Once you reach the line with "Chư giới tận thế online chapter 1 - Trang 51" below, copy each line exactly, stopping after the line with "Faye Knockers (Silver)", and skip any pictures.

== Dataset ==
--

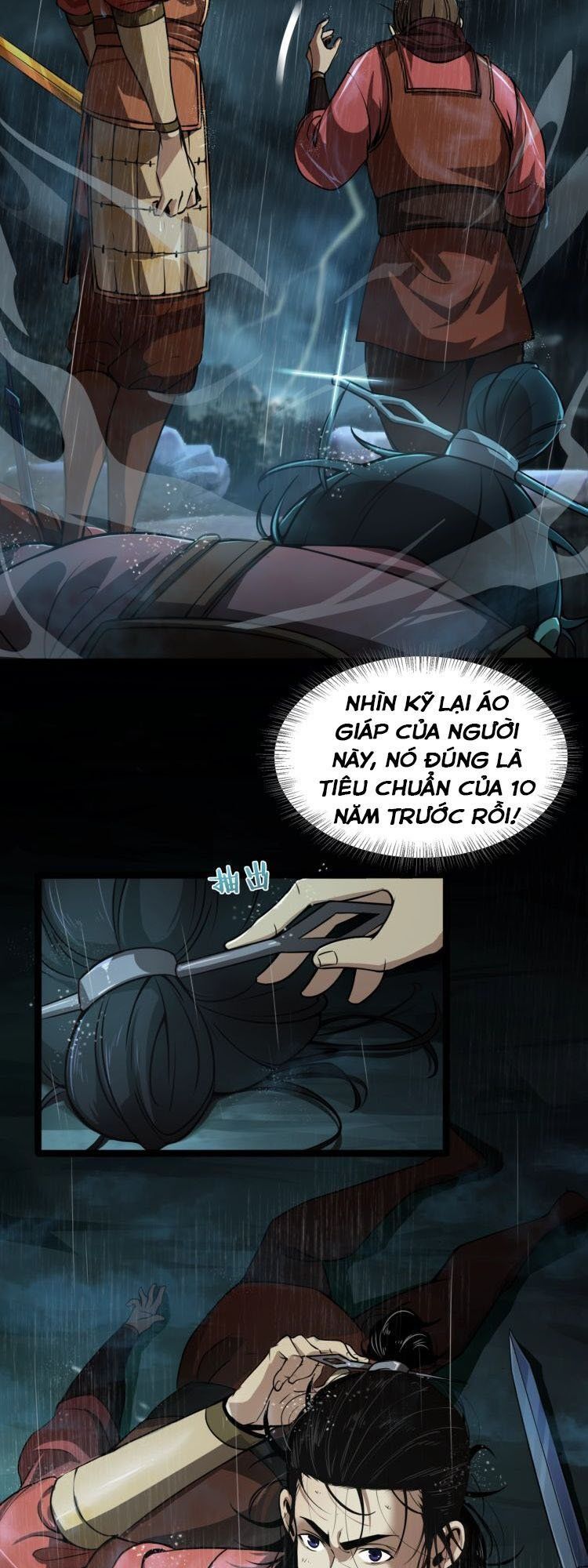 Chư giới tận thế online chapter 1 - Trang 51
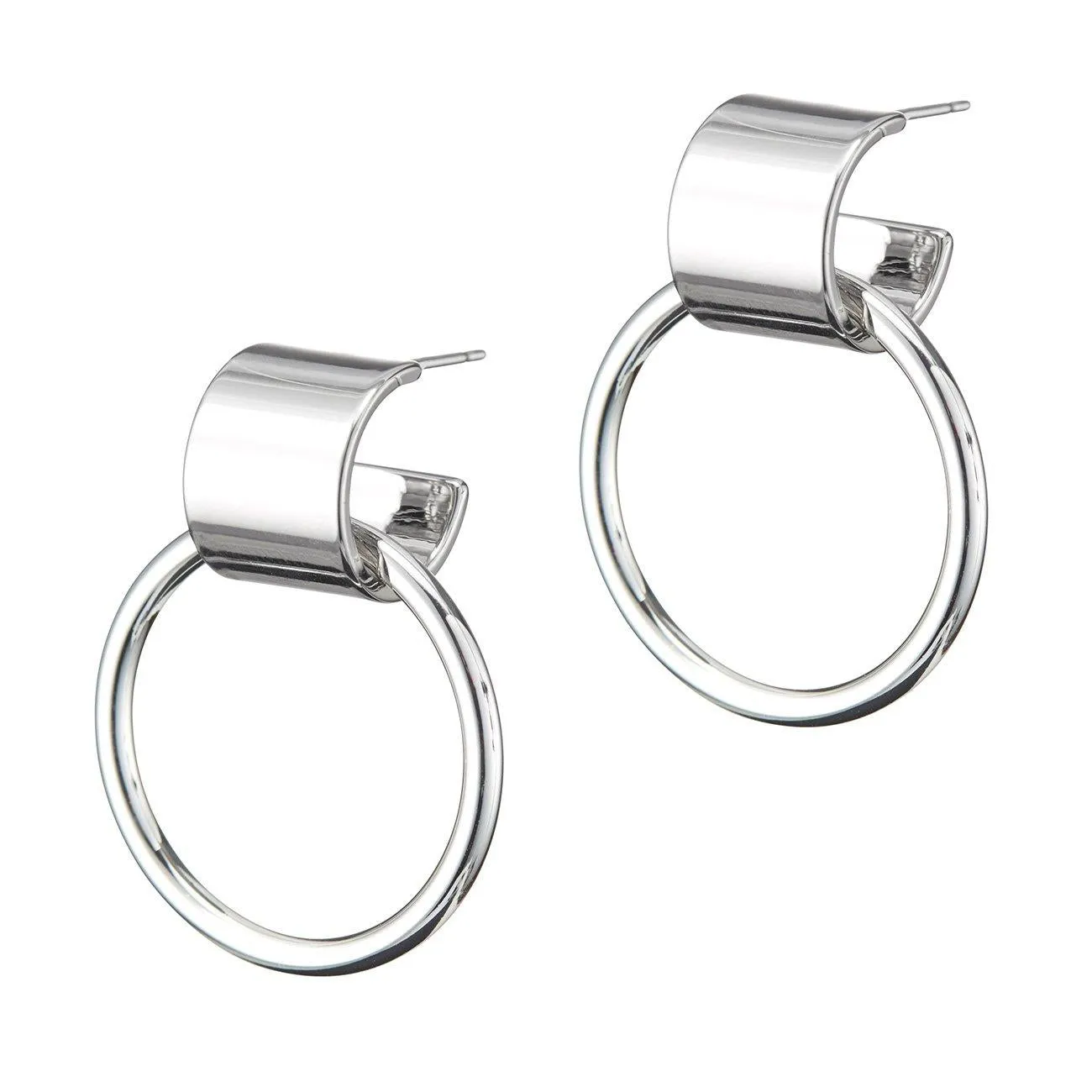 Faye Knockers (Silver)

--

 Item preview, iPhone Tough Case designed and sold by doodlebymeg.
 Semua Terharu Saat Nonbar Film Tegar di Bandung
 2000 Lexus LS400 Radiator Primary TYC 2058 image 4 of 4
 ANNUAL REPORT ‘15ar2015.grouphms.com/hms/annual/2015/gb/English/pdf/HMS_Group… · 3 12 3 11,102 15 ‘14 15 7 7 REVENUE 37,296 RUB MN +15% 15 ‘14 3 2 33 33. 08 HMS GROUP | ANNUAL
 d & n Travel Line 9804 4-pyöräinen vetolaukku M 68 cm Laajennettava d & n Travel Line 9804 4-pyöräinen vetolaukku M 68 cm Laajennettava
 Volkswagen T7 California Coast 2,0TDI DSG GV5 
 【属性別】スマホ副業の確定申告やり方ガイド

--

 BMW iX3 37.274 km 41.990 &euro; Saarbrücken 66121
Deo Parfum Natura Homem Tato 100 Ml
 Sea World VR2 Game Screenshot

--

== Response ==
 Chư giới tận thế online chapter 1 - Trang 51
 Faye Knockers (Silver)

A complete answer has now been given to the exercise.